NTSYSAPI NTSTATUS RtlUTF8ToUnicodeN(
  [out, optional] PWSTR  UnicodeStringDestination,
  [in]            ULONG  UnicodeStringMaxByteCount,
  [out]           PULONG UnicodeStringActualByteCount,
  [in]            PCCH   UTF8StringSource,
  [in]            ULONG  UTF8StringByteCount
);
View the official Windows Driver Kit DDI reference
// wdm.h

NTSYSAPI NTSTATUS RtlUTF8ToUnicodeN(
  [out, optional] PWSTR  UnicodeStringDestination,
  [in]            ULONG  UnicodeStringMaxByteCount,
  [out]           PULONG UnicodeStringActualByteCount,
  [in]            PCCH   UTF8StringSource,
  [in]            ULONG  UTF8StringByteCount
);
View the official Windows Driver Kit DDI reference
// wdm.h

NTSTATUS WINAPI RtlUTF8ToUnicodeN(
  _Out_     PWSTR  UnicodeStringDestination,
  _In_      ULONG  UnicodeStringMaxByteCount,
  _Out_opt_ PULONG UnicodeStringActualByteCount,
  _In_      PCCH   UTF8StringSource,
  _In_      ULONG  UTF8StringByteCount
);
View the official Win32 development documentation

NtDoc

This function is documented in Windows Driver Kit here and here.

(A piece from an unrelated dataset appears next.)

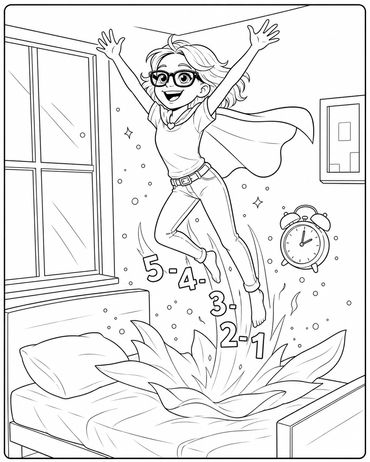 Excited girl jumps into bed like a superhero countdown.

Windows Driver Kit DDI reference (nf-ntifs-rtlutf8tounicoden)

RtlUTF8ToUnicodeN function (ntifs.h)

Description

The RtlUTF8ToUnicodeN routine converts a UTF-8 string to a Unicode string.

Parameters

UnicodeStringDestination [out, optional]

A pointer to a caller-allocated destination buffer into which the routine writes the Unicode output string. If this parameter is NULL, the routine writes the required size of the output buffer to *UnicodeStringActualByteCount.

UnicodeStringMaxByteCount [in]

Specifies the maximum number of bytes that the routine can write to the buffer that UnicodeStringDestination points to. If UnicodeStringDestination = NULL, set UnicodeStringMaxByteCount = 0.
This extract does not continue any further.